# WHAT IS BEING ASKED:
From the line with "Bray Dual Fuel" through the final line of the entries below, write out each line exactly and nothing else.

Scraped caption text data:

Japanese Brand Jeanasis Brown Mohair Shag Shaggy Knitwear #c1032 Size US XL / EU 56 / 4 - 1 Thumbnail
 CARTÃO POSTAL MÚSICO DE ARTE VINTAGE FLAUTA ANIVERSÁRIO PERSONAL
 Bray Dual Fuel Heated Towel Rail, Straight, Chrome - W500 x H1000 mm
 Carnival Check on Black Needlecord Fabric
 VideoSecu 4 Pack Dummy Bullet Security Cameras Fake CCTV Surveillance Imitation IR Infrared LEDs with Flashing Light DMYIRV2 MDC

# SOLUTION TO THE PROBLEM:
 Bray Dual Fuel Heated Towel Rail, Straight, Chrome - W500 x H1000 mm
 Carnival Check on Black Needlecord Fabric
 VideoSecu 4 Pack Dummy Bullet Security Cameras Fake CCTV Surveillance Imitation IR Infrared LEDs with Flashing Light DMYIRV2 MDC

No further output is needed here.